主人公の一人である青年・野宮朋美が引っ越し屋でアルバイトを始めるが、そこは会話も笑顔もないギスギスした雰囲気の職場で、上司からは見下され怒鳴られる日々。
高校を中退し、目指すものもなく悩んでいた野宮は、そんな職場でも辞めずに続けることで「俺の道」に繋がると信じ、上司の罵倒にも耐え笑顔で働きつづける。
そんな野宮が、上司から「さっさとしろやヌケ作!!」と怒鳴られた時に、一瞬キレそうになりながらも笑顔で返したのが「あとんす!」である。その後も「あとんす」を連呼しながら笑顔で引っ越しの荷物を運ぶのであった。
ある日のバイト後、上司とバイトのメンバーで飲み屋に行くが、相変わらず会話しようとしない他のバイト仲間達。
バンドマンの男は「目標のために金がいる、金さえもらえりゃいいんだ」と話すが、それに対し野宮は「俺は何を目指すのかすらまだみつかってねーや、でもだからこそ今を生きることにした。おめーが踏みにじってる今を」、「今いる場所がつまんねえ職場だろうと俺の道であることに変わりはねえ俺のゴールにどうやってつながるかは知らねえが、いつかつながることだけは確かだ」と言い返す。

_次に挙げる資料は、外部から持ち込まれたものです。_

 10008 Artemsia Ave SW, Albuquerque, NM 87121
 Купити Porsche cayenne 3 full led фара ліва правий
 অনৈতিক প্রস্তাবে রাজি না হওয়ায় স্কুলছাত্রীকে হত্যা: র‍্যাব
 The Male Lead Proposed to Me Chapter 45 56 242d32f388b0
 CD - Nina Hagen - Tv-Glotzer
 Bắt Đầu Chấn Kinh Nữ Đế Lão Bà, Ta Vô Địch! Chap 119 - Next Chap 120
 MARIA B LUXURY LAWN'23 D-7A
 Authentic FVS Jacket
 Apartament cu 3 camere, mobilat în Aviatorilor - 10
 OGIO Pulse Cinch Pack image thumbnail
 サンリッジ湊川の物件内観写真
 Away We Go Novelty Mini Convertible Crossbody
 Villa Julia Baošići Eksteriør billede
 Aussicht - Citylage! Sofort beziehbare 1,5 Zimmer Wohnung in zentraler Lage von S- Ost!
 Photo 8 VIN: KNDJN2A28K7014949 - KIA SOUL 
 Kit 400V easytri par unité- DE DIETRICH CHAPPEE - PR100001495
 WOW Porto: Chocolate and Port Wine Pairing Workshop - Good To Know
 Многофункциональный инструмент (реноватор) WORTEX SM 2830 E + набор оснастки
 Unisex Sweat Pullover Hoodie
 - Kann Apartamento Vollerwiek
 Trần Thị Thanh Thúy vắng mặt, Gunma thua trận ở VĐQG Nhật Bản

次の日出勤すると、他のバイト達が「あとんす!」「あとーんす!!」と口々に大きな声を出しながら笑顔でキビキビと働き、それまで野宮のことを「ヌケ作」と呼んで罵倒していた上司も「野宮」と名前で呼ぶようになる。見下すだけだった上司や「金のためだけ」に働いていた他のメンバー達も、野宮の考えに感化されて変わっていくのであった。
作中では特に説明されてはいないが「あとんす」は「ありがとう」あるいは「ありがとうございます」の略で、「あざーす」に似たようなニュアンスの言葉だと思われる。
それほど多く登場する言葉ではないのだが、野宮の名言も含め印象的な言葉となっており、Twitterなどでも感謝の言葉として使われている。